Lundquist doesn’t hold out much hope that there’ll be relief soon from this warmer-than-normal weather and a plunge to the -8 C required before pickers may move into the vineyard to pluck the rock-hard pellets of grapes so they can be squeezed to produce the premium dessert wine.

“Long-range, it’s looking mild, with average or above-average temperatures,” is his forecast, which gives wildlife a larger window of time to create havoc in the vineyards, nibbling on the sweet berries and knocking even more off the vines where the geese and other critters can make short work of them.

In December, he said there was no Arctic air impacting the Okanagan’s temperatures, but he expects a front will move down some time in the next couple of months.

Average temperature for the month was -.9 C, warmer by a couple of degrees than the normal average for that month of -2.9 C. The average low was also nearly two degrees warmer, at -4.4 C while the average high was a couple of degrees higher than usual, at 2.5 C.

Precipitation was less too, with 30 centimetres of snow and four millimetres of rain, compared to the normal of 36 cm of snow and nine mm of rain.

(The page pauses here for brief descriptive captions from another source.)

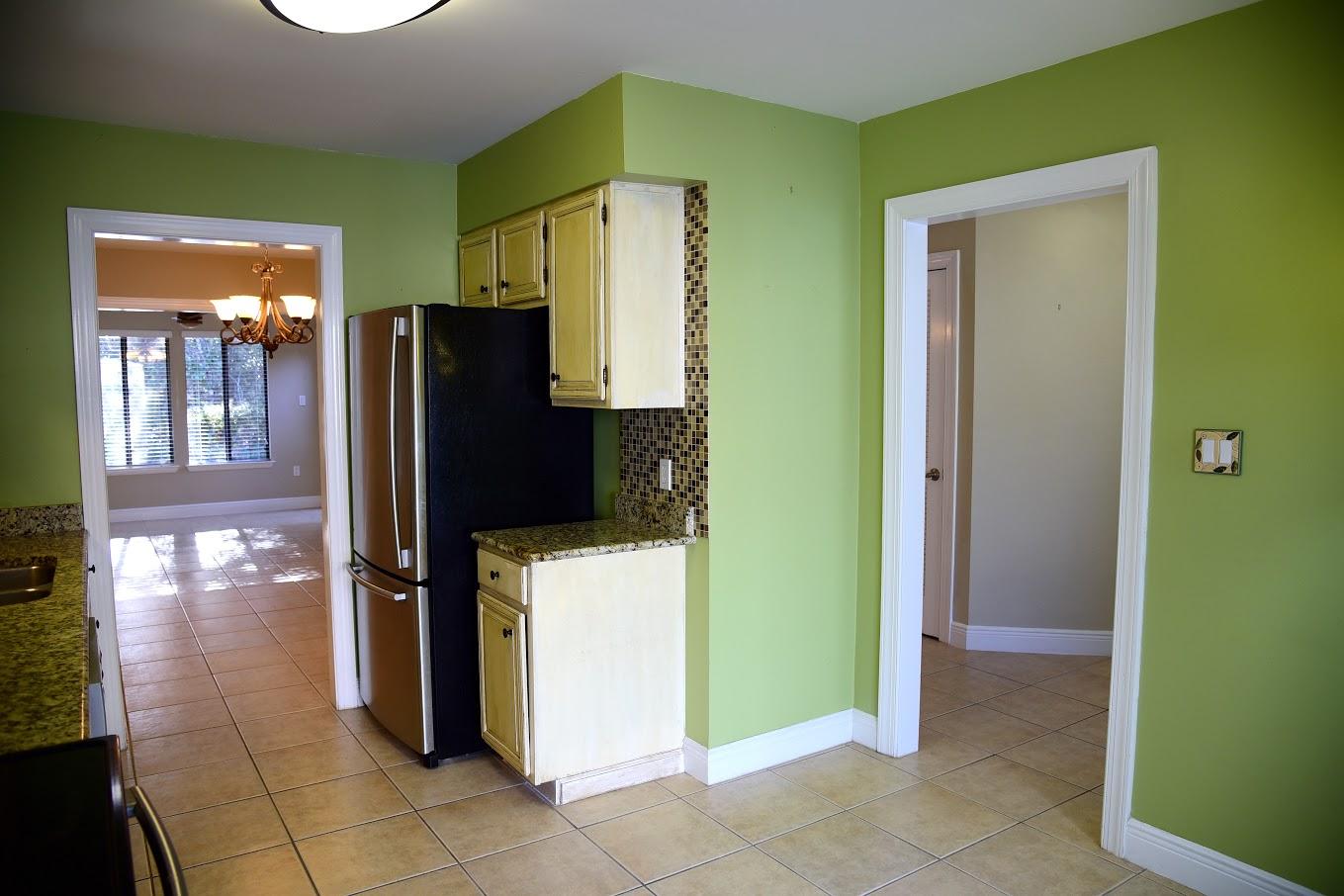 ROYAL OAK VILLAS BLUEWATER BAY - Residential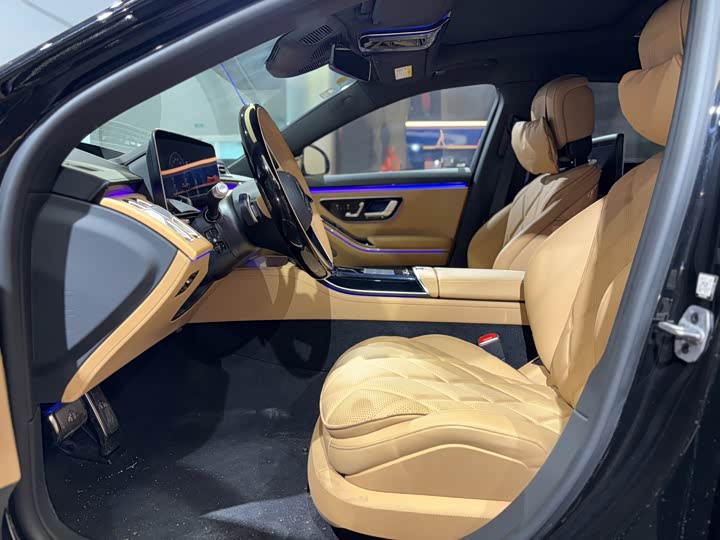 Maybach S-Class 2022 S 680 4 MATIC Virgil Abloh — фото 10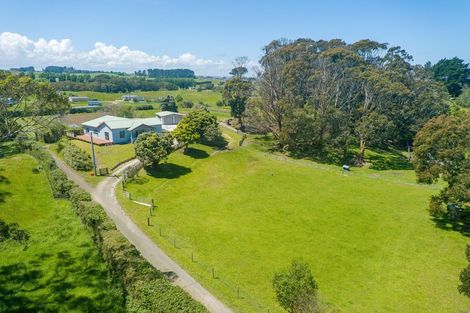 Photo of property in 30 Westmere Road, Westmere, Whanganui, 4574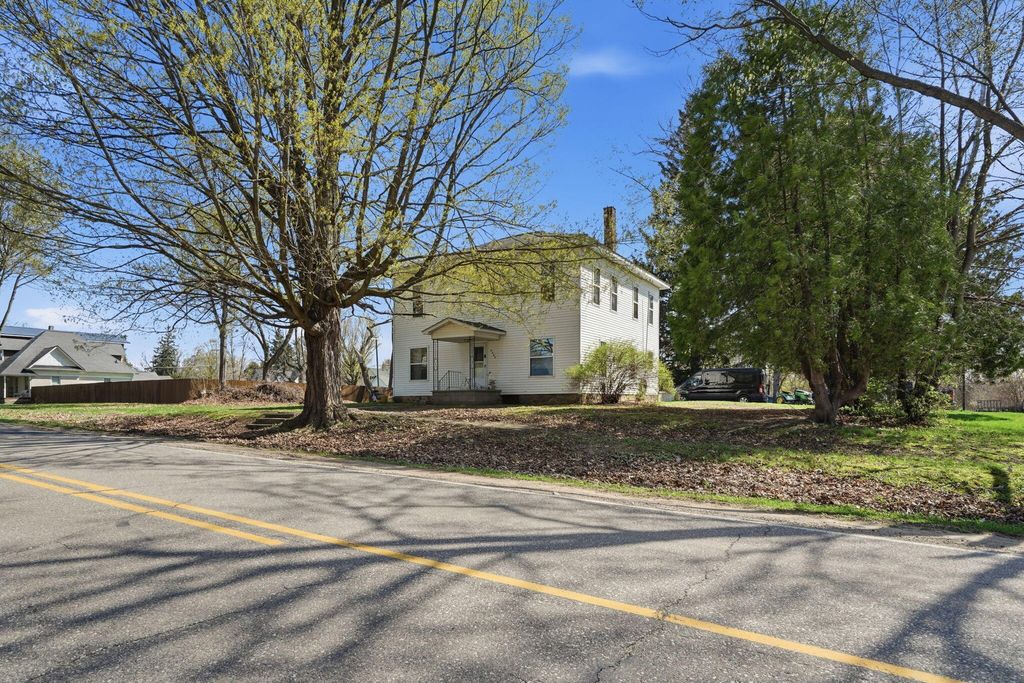 9389 Foster Street, Watertown township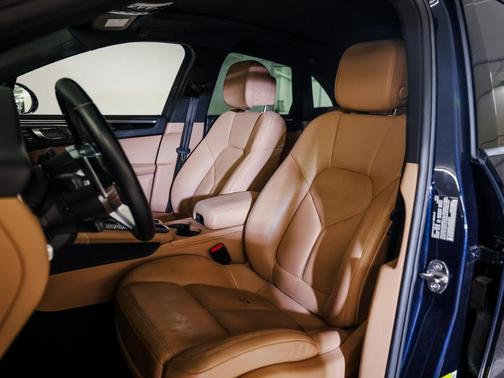 2020 Porsche Macan Base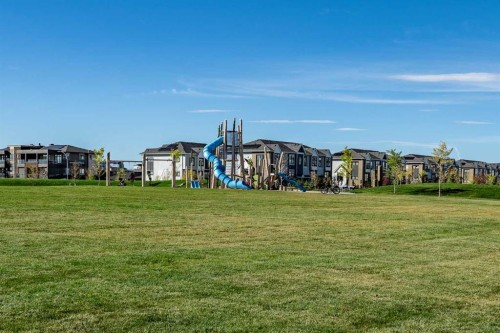 80 Mahogany Gardens Se, Calgary, AB - Outdoor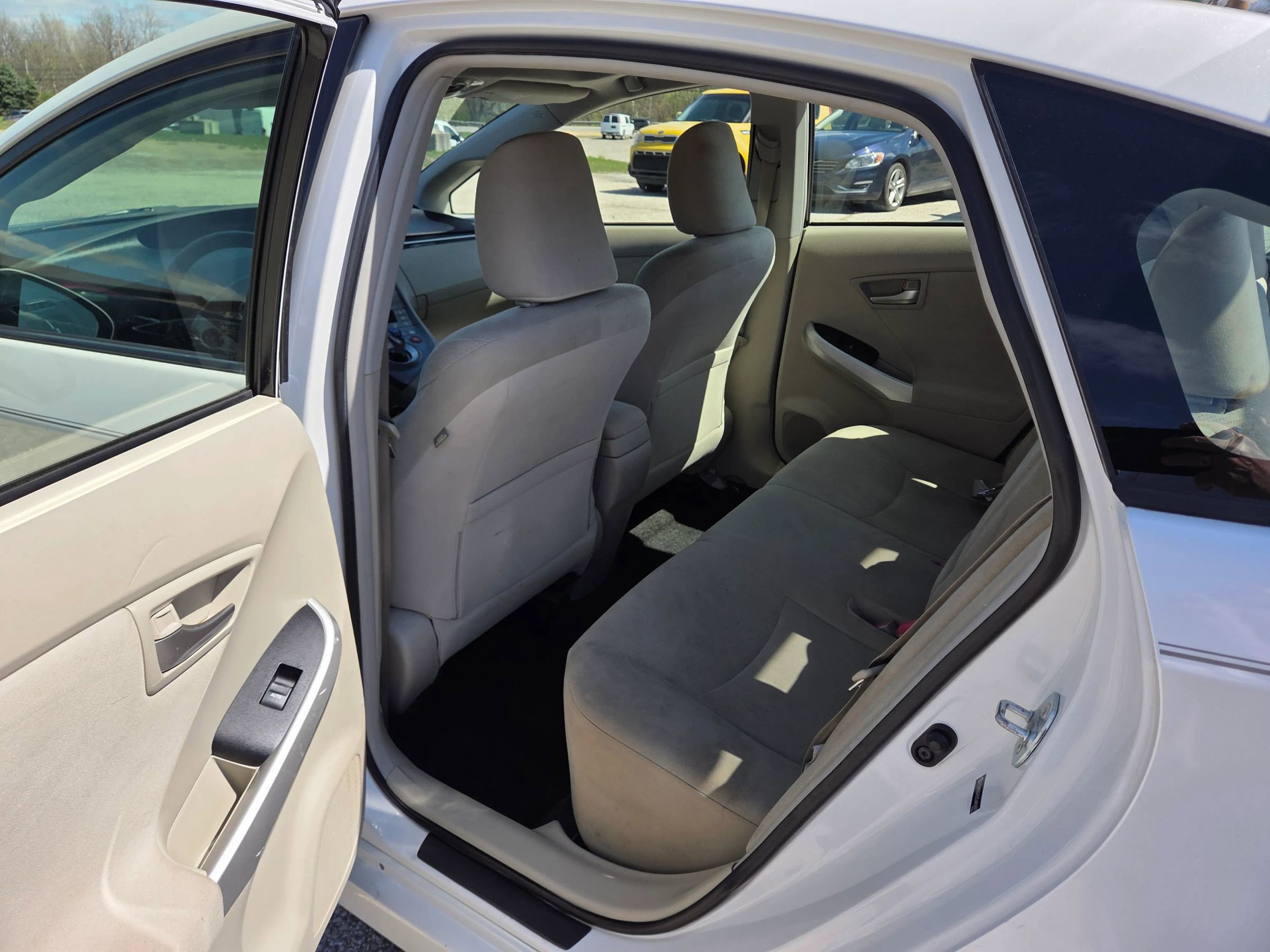 Used 2012 Toyota Prius Three w/ Solar Roof Pkg FWD image 16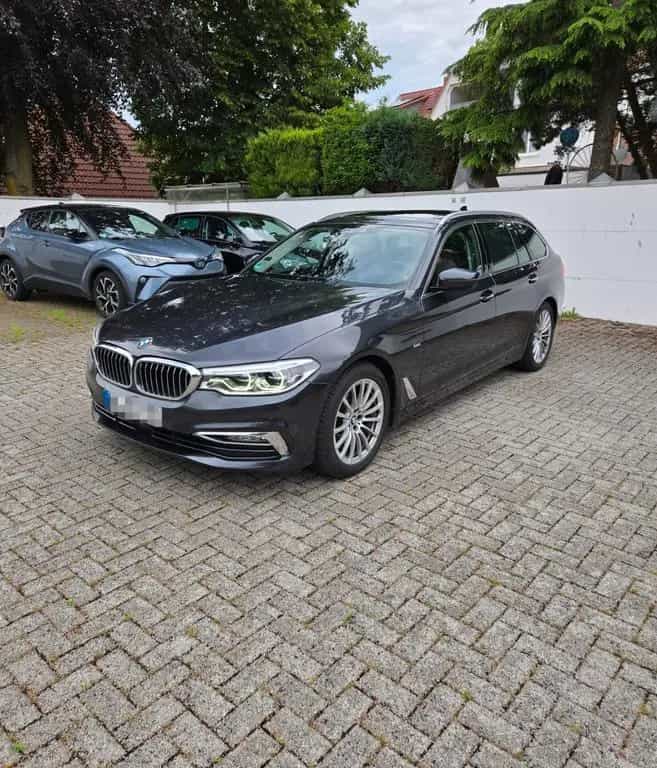 BMW 520 d Touring A - 09/2017-photo-1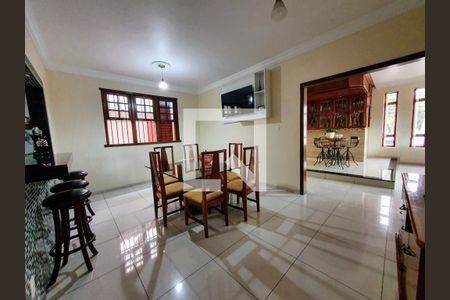 Casa à venda com 4 quartos, 325m² em Santa Rosa, Belo Horizonte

Half of the past year was colder than usual and half warmer with overall temperatures averaging right around normal in 2012.

However, it was wetter, with 174 mm more rain than the usual 484 mm and most of that fell in June, when new records for rainfall were set in Kelowna.

Such unpredictable weather is the reason icewine is such an expensive beverage, notes Summerhill Pyramid Winery winemaker Eric von Krosigk, who admits deciding to make the popular dessert wine is a gamble.

But then, he adds, “That’s the nature of agriculture.”

The deer have been horrendous this year, he says, doing the ‘deer polka’ out in the vineyard as they feast on chardonnay grapes. He estimates they lose 25 per cent of the crop for each  month they have to wait for low enough temperatures to pick.

Summerhill kept back five acres of grapes this year, most of it near the winery in the Mission area, but last year 40 acres was used to make icewine, and it was a good year with an early harvest.

Across the lake at Quails’ Gate Estate Winery, winemaker Grant Stanley said they still have four tonnes of riesling grapes hanging in the vineyards waiting for an icy blast, and he’s been kept regularly informed about temperatures around those grapes, with monitors sending data to his iphone from the vineyard.

Despite the fact those vines are fully netted, the geese are still feasting as berries fall to the ground.

“Often only half the crop remains by the time we can pick them,” he admits.